# DIRECTIONS FOR THIS TASK
Copy out the lines of the records below, and only those lines, from the one with "Volvo VNL Right Sleeper Fairing" through the one with "Luxury House 4", exactly as they appear.
<<<<
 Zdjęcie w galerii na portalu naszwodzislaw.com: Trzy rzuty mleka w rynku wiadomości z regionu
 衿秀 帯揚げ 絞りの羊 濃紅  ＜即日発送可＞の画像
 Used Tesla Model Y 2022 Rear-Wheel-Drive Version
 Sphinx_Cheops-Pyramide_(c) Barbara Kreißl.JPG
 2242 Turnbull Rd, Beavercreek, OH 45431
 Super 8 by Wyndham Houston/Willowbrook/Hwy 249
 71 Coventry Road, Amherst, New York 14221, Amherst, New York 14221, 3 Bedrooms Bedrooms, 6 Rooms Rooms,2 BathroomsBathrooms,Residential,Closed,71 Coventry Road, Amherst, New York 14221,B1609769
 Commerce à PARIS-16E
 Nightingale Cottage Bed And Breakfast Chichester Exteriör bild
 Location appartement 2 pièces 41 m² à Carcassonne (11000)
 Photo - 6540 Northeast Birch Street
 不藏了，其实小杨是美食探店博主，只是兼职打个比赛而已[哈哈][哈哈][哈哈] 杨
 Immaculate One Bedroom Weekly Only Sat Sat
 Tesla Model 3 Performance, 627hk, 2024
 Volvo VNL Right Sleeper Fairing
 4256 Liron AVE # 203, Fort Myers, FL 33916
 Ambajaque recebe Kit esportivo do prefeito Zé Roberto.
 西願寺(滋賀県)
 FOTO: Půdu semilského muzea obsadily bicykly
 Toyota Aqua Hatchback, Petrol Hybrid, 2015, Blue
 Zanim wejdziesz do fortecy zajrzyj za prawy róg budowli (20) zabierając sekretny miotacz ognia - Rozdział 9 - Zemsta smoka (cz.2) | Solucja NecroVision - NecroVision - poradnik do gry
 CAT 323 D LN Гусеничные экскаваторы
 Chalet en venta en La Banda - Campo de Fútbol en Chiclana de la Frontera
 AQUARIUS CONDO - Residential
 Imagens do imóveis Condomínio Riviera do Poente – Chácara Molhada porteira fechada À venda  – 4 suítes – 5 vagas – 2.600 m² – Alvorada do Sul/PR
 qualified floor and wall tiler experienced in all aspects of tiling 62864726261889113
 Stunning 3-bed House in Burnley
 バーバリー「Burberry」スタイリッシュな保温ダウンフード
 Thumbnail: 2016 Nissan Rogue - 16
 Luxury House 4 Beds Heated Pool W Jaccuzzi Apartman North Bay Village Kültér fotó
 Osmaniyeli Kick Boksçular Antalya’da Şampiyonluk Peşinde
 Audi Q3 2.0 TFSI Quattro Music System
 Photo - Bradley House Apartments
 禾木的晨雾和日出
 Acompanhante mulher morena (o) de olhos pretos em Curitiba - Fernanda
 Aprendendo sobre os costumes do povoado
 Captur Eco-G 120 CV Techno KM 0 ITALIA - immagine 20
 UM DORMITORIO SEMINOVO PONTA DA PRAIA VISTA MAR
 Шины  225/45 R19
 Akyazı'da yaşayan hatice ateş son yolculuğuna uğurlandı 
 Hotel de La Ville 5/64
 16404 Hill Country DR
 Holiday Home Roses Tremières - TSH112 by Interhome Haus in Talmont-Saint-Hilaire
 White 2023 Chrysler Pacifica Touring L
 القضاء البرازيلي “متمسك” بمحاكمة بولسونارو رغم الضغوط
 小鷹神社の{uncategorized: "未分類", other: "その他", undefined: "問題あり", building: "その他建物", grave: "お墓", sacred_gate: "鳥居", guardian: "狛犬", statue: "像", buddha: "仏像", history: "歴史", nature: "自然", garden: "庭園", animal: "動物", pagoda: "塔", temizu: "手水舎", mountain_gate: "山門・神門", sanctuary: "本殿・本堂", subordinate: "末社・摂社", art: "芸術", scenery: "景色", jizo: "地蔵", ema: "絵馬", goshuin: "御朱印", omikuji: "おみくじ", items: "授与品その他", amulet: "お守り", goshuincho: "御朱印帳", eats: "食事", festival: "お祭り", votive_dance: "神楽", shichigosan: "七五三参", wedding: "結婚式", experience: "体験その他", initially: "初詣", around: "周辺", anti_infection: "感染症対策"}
>>>>
# EXPECTED ANSWER
 Volvo VNL Right Sleeper Fairing
 4256 Liron AVE # 203, Fort Myers, FL 33916
 Ambajaque recebe Kit esportivo do prefeito Zé Roberto.
 西願寺(滋賀県)
 FOTO: Půdu semilského muzea obsadily bicykly
 Toyota Aqua Hatchback, Petrol Hybrid, 2015, Blue
 Zanim wejdziesz do fortecy zajrzyj za prawy róg budowli (20) zabierając sekretny miotacz ognia - Rozdział 9 - Zemsta smoka (cz.2) | Solucja NecroVision - NecroVision - poradnik do gry
 CAT 323 D LN Гусеничные экскаваторы
 Chalet en venta en La Banda - Campo de Fútbol en Chiclana de la Frontera
 AQUARIUS CONDO - Residential
 Imagens do imóveis Condomínio Riviera do Poente – Chácara Molhada porteira fechada À venda  – 4 suítes – 5 vagas – 2.600 m² – Alvorada do Sul/PR
 qualified floor and wall tiler experienced in all aspects of tiling 62864726261889113
 Stunning 3-bed House in Burnley
 バーバリー「Burberry」スタイリッシュな保温ダウンフード
 Thumbnail: 2016 Nissan Rogue - 16
 Luxury House 4 Beds Heated Pool W Jaccuzzi Apartman North Bay Village Kültér fotó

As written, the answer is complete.